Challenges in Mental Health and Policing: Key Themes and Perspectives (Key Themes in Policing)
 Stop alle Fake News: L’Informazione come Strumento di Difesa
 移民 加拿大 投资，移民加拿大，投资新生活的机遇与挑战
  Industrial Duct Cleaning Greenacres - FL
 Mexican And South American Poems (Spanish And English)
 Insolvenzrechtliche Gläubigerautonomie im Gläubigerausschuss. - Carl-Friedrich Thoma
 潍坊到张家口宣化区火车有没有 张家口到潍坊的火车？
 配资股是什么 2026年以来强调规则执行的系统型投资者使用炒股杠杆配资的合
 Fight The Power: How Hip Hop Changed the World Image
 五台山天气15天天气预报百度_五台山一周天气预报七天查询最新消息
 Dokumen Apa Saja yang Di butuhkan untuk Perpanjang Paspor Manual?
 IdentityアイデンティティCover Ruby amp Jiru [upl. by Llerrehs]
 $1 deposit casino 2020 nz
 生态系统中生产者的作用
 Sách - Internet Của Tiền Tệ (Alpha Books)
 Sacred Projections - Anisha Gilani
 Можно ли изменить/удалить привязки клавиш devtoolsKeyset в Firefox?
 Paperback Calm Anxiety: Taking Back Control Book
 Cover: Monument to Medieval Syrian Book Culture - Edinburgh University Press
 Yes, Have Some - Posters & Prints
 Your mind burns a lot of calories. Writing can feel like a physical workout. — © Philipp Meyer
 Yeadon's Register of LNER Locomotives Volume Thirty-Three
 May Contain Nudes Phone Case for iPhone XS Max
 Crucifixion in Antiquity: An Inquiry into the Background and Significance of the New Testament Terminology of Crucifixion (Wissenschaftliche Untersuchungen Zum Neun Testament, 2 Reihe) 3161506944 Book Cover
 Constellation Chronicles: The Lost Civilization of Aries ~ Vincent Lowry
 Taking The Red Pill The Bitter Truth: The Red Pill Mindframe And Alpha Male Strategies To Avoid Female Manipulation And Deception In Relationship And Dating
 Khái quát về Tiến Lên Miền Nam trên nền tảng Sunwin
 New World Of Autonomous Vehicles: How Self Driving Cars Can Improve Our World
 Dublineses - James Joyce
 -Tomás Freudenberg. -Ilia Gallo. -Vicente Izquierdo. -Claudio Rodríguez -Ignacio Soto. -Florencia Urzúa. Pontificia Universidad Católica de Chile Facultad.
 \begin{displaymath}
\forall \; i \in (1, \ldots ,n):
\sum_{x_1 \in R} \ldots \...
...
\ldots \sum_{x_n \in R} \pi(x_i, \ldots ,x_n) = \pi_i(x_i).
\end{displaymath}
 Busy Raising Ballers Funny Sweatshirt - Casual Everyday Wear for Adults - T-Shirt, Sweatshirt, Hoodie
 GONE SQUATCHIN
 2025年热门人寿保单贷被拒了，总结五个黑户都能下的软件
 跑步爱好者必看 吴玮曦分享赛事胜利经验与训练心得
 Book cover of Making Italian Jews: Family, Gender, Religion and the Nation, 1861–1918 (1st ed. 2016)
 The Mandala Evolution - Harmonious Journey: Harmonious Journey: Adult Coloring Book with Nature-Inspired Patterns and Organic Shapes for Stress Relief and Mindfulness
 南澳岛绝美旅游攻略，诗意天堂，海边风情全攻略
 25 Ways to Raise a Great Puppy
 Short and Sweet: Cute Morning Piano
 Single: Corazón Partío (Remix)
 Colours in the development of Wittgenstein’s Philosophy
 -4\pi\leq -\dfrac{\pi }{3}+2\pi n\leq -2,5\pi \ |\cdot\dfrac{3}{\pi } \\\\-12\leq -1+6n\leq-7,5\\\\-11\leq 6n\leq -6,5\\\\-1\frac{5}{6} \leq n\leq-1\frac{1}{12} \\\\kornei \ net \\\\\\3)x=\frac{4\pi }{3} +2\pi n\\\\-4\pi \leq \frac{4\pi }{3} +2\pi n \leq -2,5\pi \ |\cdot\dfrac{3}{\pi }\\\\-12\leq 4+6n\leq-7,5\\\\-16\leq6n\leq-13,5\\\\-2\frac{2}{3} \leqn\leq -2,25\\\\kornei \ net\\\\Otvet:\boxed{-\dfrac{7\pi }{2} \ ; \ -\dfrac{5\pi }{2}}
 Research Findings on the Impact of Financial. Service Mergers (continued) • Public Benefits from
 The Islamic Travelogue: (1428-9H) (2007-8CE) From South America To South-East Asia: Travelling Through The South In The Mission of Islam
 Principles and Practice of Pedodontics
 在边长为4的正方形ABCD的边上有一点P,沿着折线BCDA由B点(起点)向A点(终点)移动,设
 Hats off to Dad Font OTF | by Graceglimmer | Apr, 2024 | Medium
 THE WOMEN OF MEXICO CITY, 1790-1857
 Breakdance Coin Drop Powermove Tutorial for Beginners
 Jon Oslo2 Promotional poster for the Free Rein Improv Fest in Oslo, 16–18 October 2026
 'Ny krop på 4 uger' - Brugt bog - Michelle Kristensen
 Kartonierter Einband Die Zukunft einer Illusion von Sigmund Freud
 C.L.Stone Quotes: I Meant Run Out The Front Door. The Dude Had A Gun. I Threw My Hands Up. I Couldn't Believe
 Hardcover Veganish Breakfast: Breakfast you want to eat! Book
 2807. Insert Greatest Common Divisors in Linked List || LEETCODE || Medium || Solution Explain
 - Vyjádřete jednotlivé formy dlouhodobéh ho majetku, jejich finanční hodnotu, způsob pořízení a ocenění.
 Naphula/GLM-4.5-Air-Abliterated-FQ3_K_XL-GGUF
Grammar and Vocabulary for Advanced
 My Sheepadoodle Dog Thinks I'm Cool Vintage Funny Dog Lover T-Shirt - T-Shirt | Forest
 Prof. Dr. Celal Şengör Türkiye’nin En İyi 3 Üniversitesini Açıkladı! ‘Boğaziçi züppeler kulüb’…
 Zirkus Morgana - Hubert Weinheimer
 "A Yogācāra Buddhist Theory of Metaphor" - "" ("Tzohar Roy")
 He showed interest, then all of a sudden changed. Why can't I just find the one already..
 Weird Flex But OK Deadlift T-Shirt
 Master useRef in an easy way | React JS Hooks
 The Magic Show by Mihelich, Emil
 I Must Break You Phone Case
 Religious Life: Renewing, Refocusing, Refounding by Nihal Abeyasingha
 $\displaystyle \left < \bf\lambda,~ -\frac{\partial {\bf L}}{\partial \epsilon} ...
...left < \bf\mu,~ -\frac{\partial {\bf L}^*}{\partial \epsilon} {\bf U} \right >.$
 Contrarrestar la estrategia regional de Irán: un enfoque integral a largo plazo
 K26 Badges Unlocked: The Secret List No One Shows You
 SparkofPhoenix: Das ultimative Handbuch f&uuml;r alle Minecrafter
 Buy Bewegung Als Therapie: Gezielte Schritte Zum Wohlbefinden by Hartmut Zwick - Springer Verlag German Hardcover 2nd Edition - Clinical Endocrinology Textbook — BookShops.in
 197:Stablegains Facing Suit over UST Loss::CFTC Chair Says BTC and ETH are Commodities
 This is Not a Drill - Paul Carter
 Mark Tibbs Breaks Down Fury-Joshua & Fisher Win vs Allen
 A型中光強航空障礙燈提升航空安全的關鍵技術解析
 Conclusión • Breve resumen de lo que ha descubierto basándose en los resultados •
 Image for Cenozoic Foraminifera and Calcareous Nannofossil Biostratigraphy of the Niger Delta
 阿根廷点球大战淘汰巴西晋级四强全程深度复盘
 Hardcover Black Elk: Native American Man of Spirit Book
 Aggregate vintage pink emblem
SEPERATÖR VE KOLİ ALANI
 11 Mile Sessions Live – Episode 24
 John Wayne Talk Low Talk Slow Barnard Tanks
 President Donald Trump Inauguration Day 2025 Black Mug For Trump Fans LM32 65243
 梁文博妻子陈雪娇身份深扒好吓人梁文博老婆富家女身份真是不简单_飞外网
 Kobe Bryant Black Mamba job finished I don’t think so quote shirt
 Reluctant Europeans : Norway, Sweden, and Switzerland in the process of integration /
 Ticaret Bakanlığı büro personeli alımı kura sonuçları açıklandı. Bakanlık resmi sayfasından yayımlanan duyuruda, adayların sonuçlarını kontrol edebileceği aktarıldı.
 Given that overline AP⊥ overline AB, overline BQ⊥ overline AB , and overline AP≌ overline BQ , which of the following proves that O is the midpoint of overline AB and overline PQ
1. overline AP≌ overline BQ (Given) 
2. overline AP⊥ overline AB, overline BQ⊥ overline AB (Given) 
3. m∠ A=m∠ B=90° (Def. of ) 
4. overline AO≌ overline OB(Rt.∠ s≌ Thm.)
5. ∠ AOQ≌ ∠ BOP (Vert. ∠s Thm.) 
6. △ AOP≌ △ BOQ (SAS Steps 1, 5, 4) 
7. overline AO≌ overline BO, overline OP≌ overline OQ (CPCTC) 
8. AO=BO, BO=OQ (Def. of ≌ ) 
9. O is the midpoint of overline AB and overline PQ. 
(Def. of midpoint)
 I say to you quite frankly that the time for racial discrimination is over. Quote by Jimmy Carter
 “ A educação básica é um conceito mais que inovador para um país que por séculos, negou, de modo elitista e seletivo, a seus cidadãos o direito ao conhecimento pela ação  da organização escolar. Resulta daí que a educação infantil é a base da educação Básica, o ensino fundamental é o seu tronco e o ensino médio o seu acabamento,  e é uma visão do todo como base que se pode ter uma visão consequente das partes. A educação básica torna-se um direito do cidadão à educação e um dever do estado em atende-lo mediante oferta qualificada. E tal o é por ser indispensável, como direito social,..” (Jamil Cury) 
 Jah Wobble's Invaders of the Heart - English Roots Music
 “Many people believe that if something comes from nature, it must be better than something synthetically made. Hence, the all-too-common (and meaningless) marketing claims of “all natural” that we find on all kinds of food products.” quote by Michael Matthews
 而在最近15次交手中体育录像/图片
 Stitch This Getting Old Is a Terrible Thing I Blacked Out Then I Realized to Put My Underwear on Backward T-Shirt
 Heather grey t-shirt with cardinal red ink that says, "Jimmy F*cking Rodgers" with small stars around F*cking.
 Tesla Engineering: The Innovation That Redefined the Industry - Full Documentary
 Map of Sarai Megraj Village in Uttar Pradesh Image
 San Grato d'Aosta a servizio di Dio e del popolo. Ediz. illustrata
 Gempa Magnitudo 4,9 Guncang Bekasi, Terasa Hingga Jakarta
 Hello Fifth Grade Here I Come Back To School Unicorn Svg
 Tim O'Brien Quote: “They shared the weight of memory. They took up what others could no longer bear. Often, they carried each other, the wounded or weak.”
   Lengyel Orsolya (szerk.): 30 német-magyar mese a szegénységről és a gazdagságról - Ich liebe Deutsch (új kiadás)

___

• **TASK INSTRUCTIONS**:
Will you return exactly the lines above from the one with "Kobe Bryant Black" down to the one with "Ticaret Bakanlığı büro", counting both as part of the range?

• **YOUR RESPONSE**:
 Kobe Bryant Black Mamba job finished I don’t think so quote shirt
 Reluctant Europeans : Norway, Sweden, and Switzerland in the process of integration /
 Ticaret Bakanlığı büro personeli alımı kura sonuçları açıklandı. Bakanlık resmi sayfasından yayımlanan duyuruda, adayların sonuçlarını kontrol edebileceği aktarıldı.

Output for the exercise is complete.